The vote brought the national debate about guns close to home for Illinoisans, who have seen this issue debated year after year at the state Capitol with no resolution.
There still isn't one.
The House voted 64-45, but the legislation needed 71 votes to prevail.
Just the day before, lawmakers also rejected a much more restrictive concealed carry plan, suggesting a compromise on the long-stalled issue might be lurking somewhere in the middle.
"Yesterday and today's vote will affect future negotiations as to how we resolve this," said state Rep. Elaine Nekritz, a Northbrook Democrat.

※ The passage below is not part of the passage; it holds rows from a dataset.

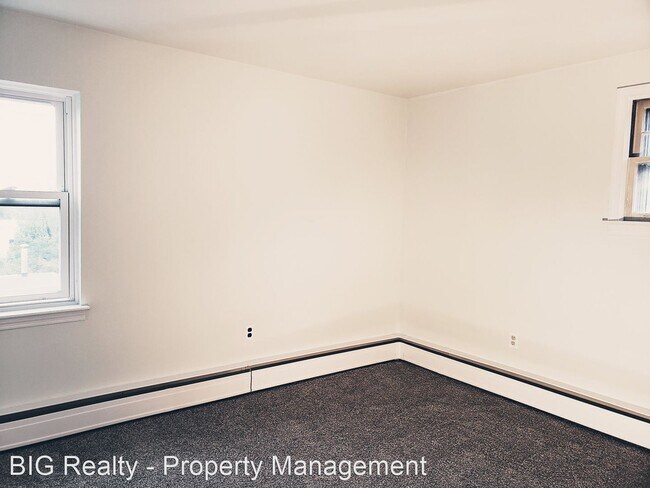 Foto del edificio - 1 br, 1 bath House - 418B E Montgomery Ave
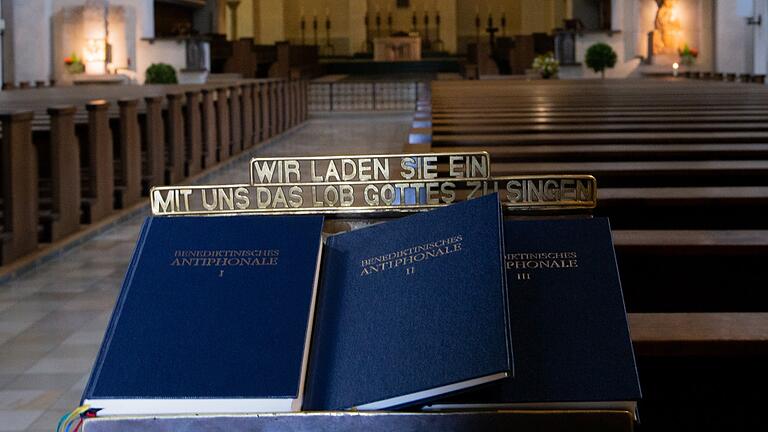 Die drei Bände des Deutschen Antiphonale entstanden zwischen 1970 und 1974 in der Abtei Münsterschwarzach unter Führung von Godehard Joppich und Pater Rhabanus Erbacher.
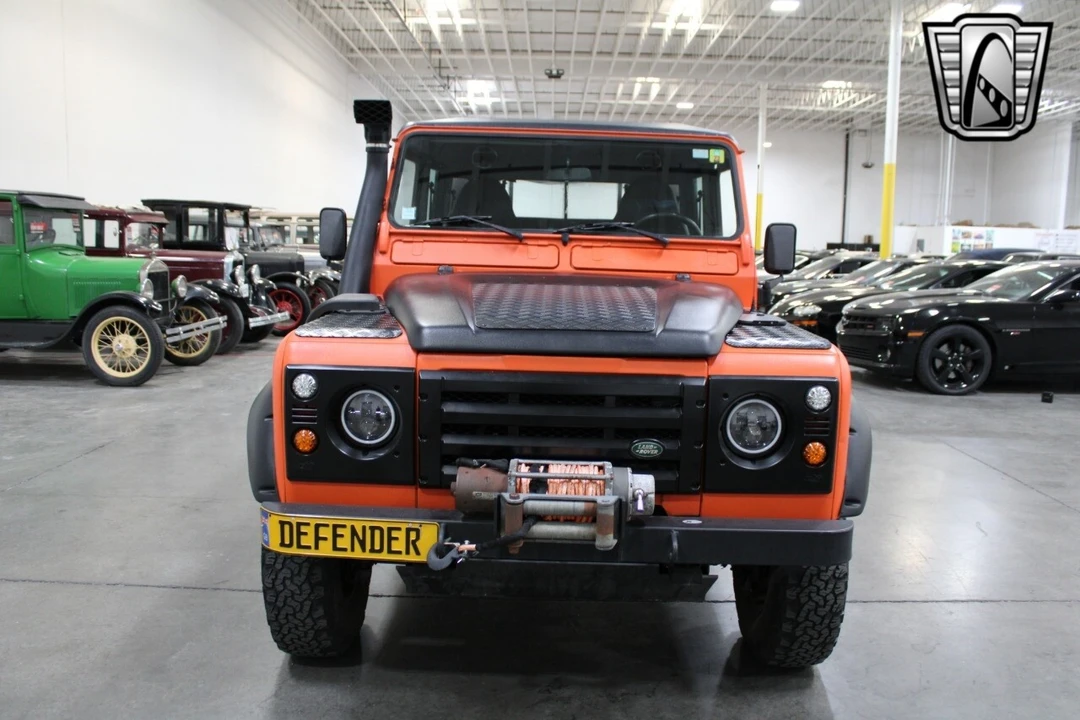 1995 Land Rover Defender 130 - Image 3 of 12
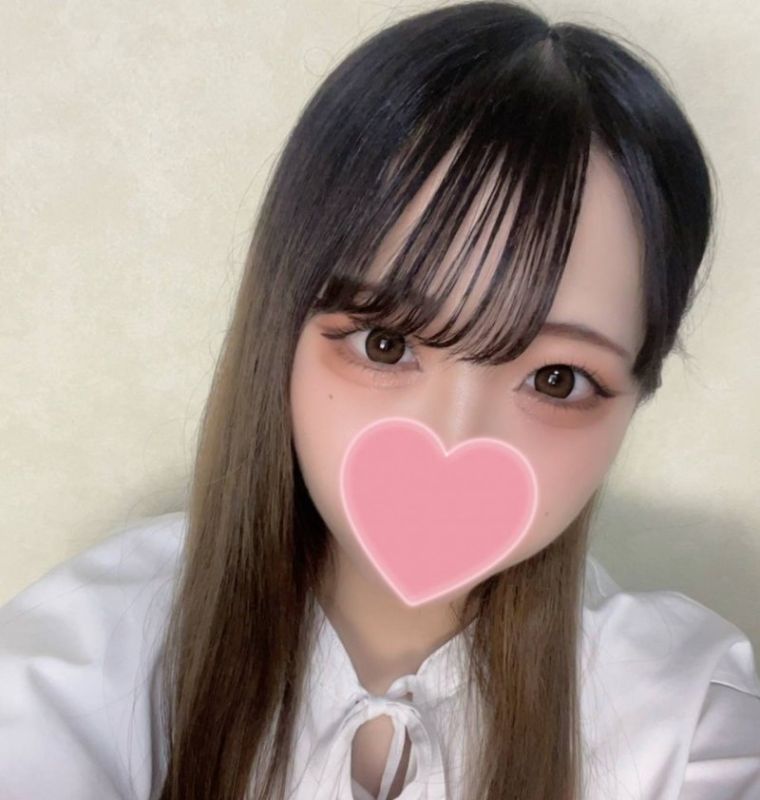 尽情享受可爱的19岁妹子大量播种性爱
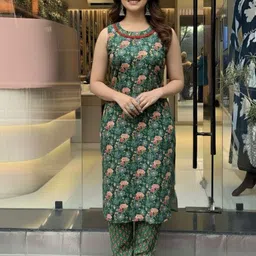 surhi Women Viscose Rayon Kurta Palazzo Set-picture-30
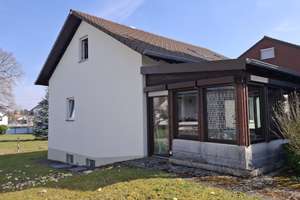 Die ideale Lage für Familie:  Freistehendes Wohnhaus mit Garage  in Reutlingen-Rommelsbach – Die vollständige Adresse der Immobilie erhältst du vom Anbieter., 72768 Rommelsbach, Reutlingen – Vorschaubild 5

Last year a federal judge ordered the state to draft a concealed carry law by June 8, a decision that could eventually force lawmakers to deal with an issue they've long ignored.

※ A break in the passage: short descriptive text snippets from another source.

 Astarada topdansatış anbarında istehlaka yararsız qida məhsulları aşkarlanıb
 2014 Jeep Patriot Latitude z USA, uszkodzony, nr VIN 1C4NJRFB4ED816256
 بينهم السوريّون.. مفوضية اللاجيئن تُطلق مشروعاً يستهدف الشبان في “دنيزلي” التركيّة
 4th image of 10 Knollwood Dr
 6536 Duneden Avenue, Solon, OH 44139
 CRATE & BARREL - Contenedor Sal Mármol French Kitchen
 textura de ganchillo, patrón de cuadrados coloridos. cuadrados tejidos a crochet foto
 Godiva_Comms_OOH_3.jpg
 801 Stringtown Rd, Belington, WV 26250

Supporters argued the legislation would put guns in the hands of regular people for self-defense.
"The bad guys already have the guns," said state Rep. Brandon Phelps, a Harrisburg Democrat, said.
But state Rep. Deborah Conroy, an Elmhurst Democrat, was among those who wanted to see more restrictions in place.
"I'm willing to talk about that until one minute before June 9th if I have to," Conroy said.
The proposal would have allowed licensed gun owners who own an already-required Firearm Owners Identification card to apply for a license to carry a concealed weapon in public. The proposal restricts possession of a firearm in certain public places like schools, government buildings and prisons and requires training to get a license.
Local communities would have little say in further restricting the ability to carry. The permit would cost $100.
Lawmakers on both sides of the debate are facing a deadline that's looming soon.
"If they believe in defending the Second Amendment, then they need to be voting (for) that," said state Rep. Barbara Wheeler, a Crystal Lake Republican.
Gun rights advocates say that if lawmakers don't put rules in place for Illinoisans to carry by then, they'd be allowed to have a gun on them without any restrictions or prior training.
"The clock is going to run out and Illinois is going to go kicking and screaming and dragging into constitutional compliance one way or the other," said state Rep. Dennis Reboletti, an Elmhurst Republican.